▶ [Problem description]: Once the line holding "Hello everyone, welcome" is written out, stop; begin at the first line of the material below and retype exactly, dropping pictures.

▶ [Exercise data]:
==*==

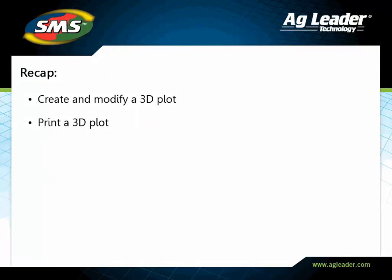You have now learned how to create, modify, and print 3D plots. Please review the other tutorials to learn how to utilize other key features of the software.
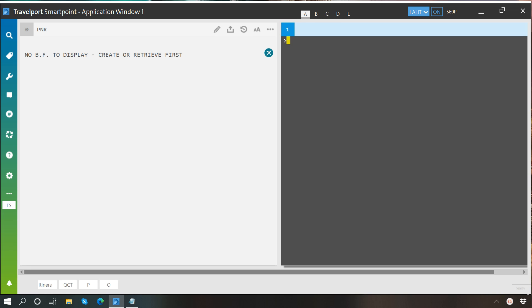Hello everyone, welcome to another video of SmartPoint learning series by Travelport Central and West Africa. In this video, we will learn about how to perform air availability search in SmartPoint.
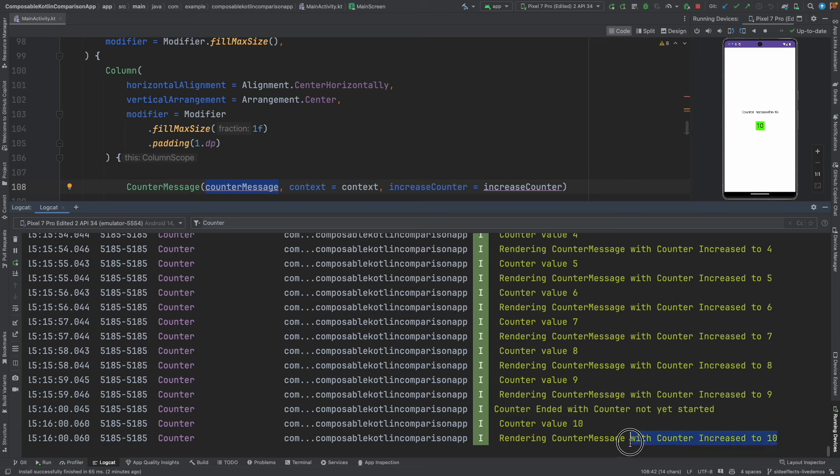This looks very suspicious: counter ended with counter not yet started. The counter has already started, we should not have seen this particular message.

==*==

▶ [Output]:
You have now learned how to create, modify, and print 3D plots. Please review the other tutorials to learn how to utilize other key features of the software.
Hello everyone, welcome to another video of SmartPoint learning series by Travelport Central and West Africa. In this video, we will learn about how to perform air availability search in SmartPoint.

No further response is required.